▶ WHAT TO WORK ON: Set down every record below exactly as it appears, but without the pictures.

▶ SOURCE RECORDS:
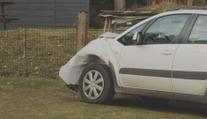Prezidentův bodyguard způsobil nehodu. Služební auto měl řídit opilý po zabíjačce
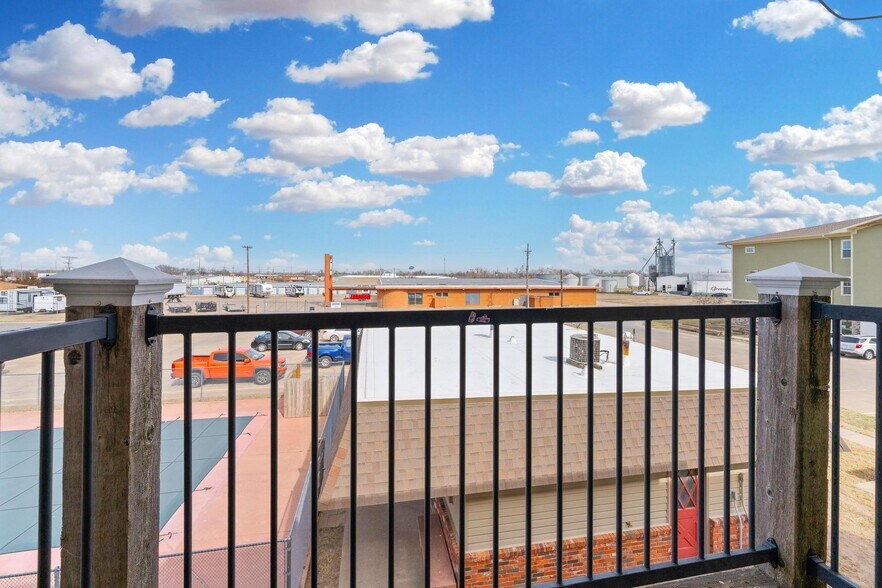 More Photos Of 103 E 7th Ave, South Hutchinson Apartments For Sale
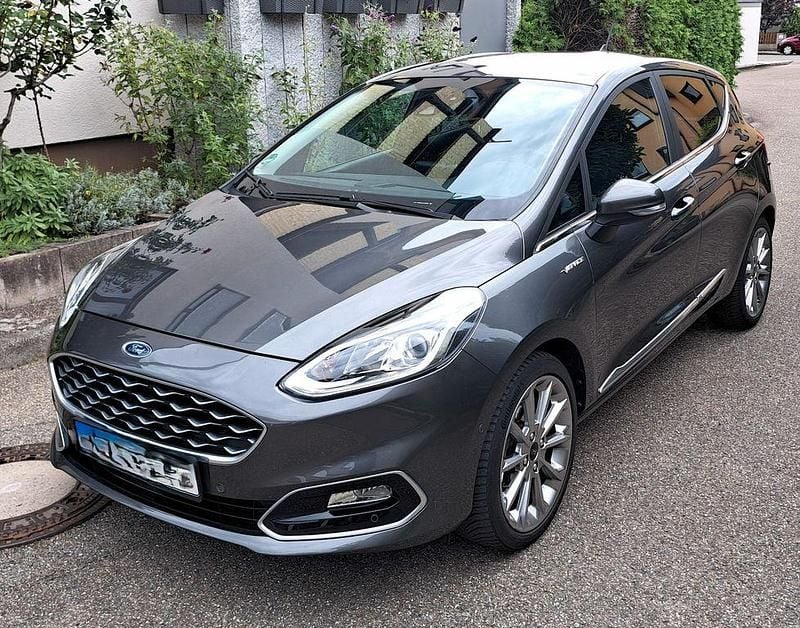 Grau Gebraucht 2019 Ford Fiesta Vignale Kleinwagen | 13.890 € (Guter Preis) - Bild 1/4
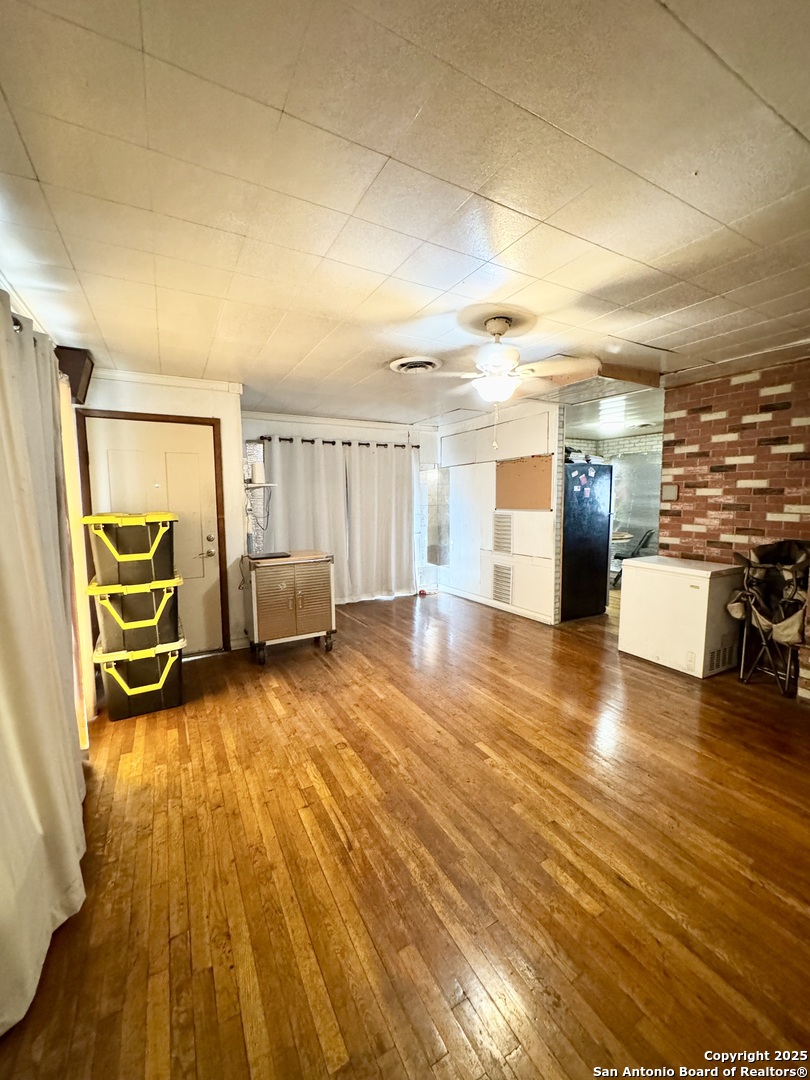 607 W Theo Avenue San Antonio TX 78225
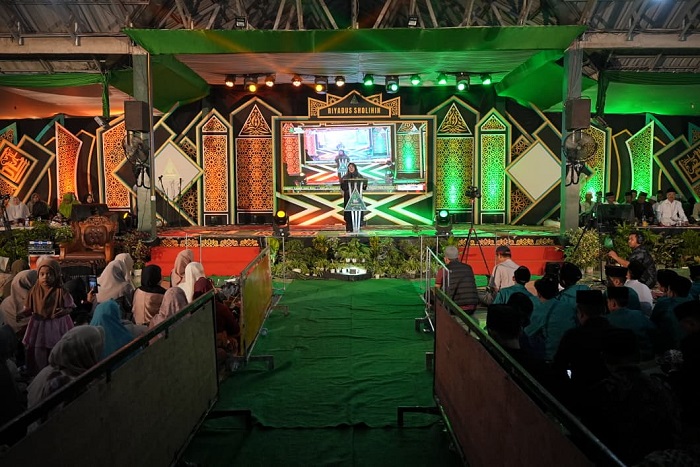 Khataman Alfiyah Ibnu Malik, Bupati Siak Puji Kualitas Pendidikan Pesantren di Kerinci Kanan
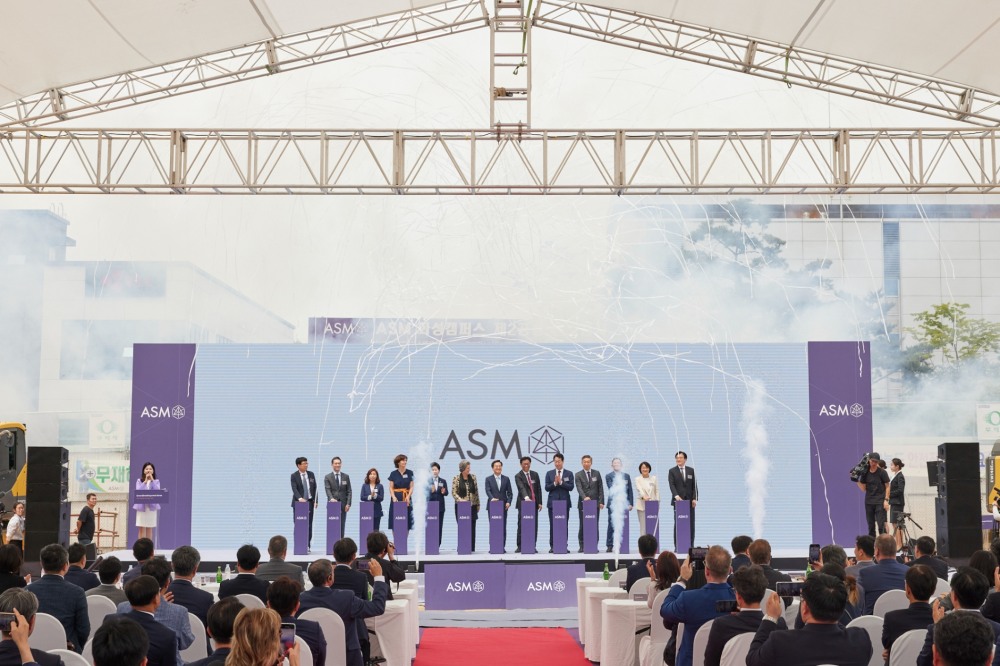 기공식 참석인사들이 기공식 버튼 세레모니를 하고 있다.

▶ TASK ANSWER:
Prezidentův bodyguard způsobil nehodu. Služební auto měl řídit opilý po zabíjačce
 More Photos Of 103 E 7th Ave, South Hutchinson Apartments For Sale
 Grau Gebraucht 2019 Ford Fiesta Vignale Kleinwagen | 13.890 € (Guter Preis) - Bild 1/4
 607 W Theo Avenue San Antonio TX 78225
 Khataman Alfiyah Ibnu Malik, Bupati Siak Puji Kualitas Pendidikan Pesantren di Kerinci Kanan
 기공식 참석인사들이 기공식 버튼 세레모니를 하고 있다.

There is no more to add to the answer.